The following can be deduced from this Anabaptist sermon.

1. The title tells us the location of the baptism, Bow, or Hackny River.
2. The title point of the sermon ‘Wash and be cleane’ is focussed in on baptism.
3. They practiced full immersion baptism.
4. The believed that sin was washed away at baptism.
5. Candidates for baptism had to be able to show repentance and clear commitment to the cost. They likened this level of maturity to being able to choose a spouse.
6. They taught the multiplication of disciples.
7. Baptism had to be performed and observed for the right reason.
8. Baptism is a salvation issue.
9. The preacher give away the exact location of the baptism being the Old Ford side of Bow River.

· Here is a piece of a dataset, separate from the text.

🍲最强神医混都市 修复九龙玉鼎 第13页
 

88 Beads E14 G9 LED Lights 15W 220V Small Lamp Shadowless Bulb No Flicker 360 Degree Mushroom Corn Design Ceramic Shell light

We can thus understand now, that not only did Daniel Featley meet disciples such as us in London in the 1640s. These disciples   has similar practices to us 21st century disciples. They preached at their baptism. They instructed candidates before baptism. Candidates made the highest promise of commitment before baptism. They traced their spiritual heritage to before the English civil war. They preached against their persecutors without fear. They used plenty of humour in their sermons. There was an East London sector in the 17th century congregation. They taught repentance and baptism for the forgiveness of sins.